## Information
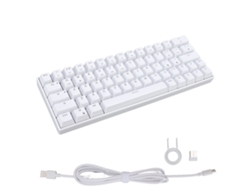 Teclado Mecânico 64 Teclas Sem Fio 2.4g Bt3.0 5.0 Type C Fio Design Ergonômico Switch Vermelho Branco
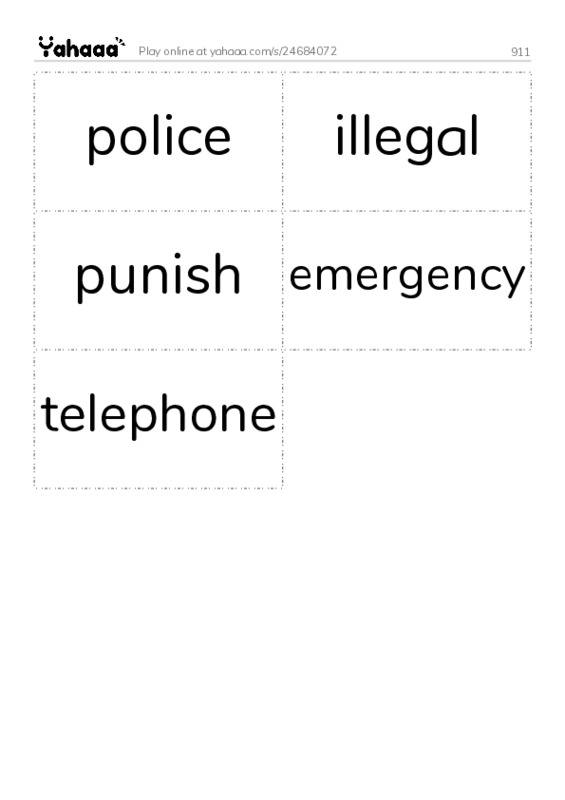 Word flashcards worksheet for 911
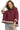 Front view of merlot colorblock button-down shirt showing button closure and relaxed cut.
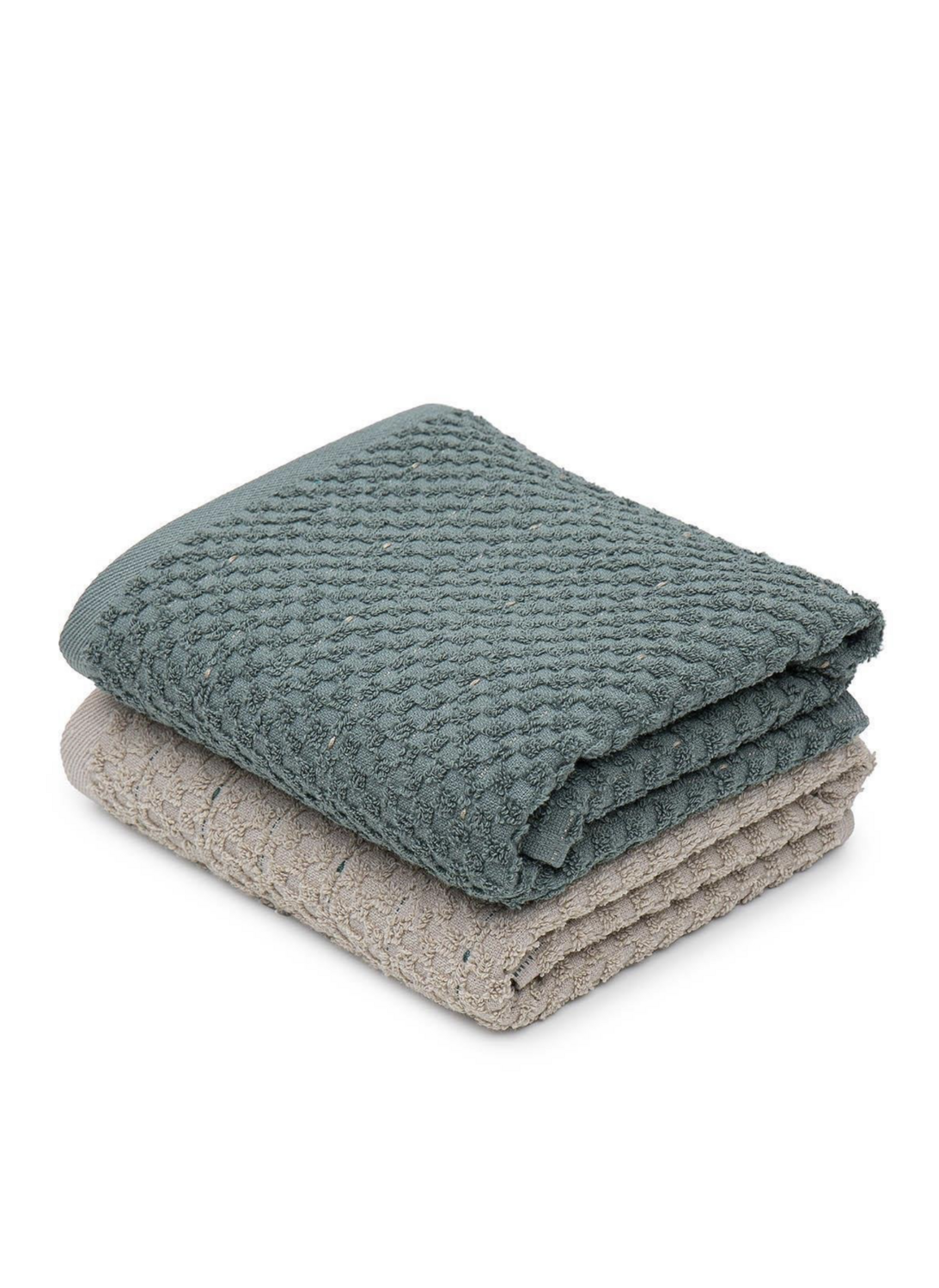 Green Black Parla 2 Piece Kitchen Towel 100% Cotton Beige-Green 50X70 Cm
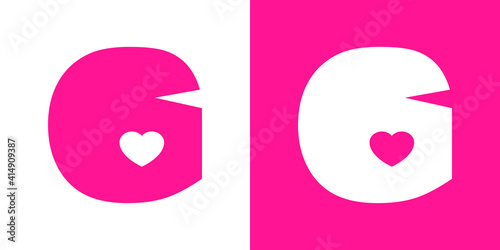 Logotipo con letra inicial G con corazón en fondo rosa y fondo blanco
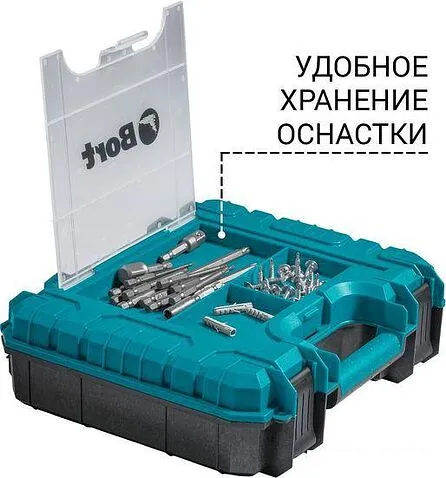 Дрель-шуруповерт Bort BAB-21-BLK 93413526 (с 2-мя АКБ, кейс)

## Instructions to follow
Copy the entries exactly. Leave the pictures out.

## Task response
 Teclado Mecânico 64 Teclas Sem Fio 2.4g Bt3.0 5.0 Type C Fio Design Ergonômico Switch Vermelho Branco
 Word flashcards worksheet for 911
 Front view of merlot colorblock button-down shirt showing button closure and relaxed cut.
 Green Black Parla 2 Piece Kitchen Towel 100% Cotton Beige-Green 50X70 Cm
 Logotipo con letra inicial G con corazón en fondo rosa y fondo blanco
 Дрель-шуруповерт Bort BAB-21-BLK 93413526 (с 2-мя АКБ, кейс)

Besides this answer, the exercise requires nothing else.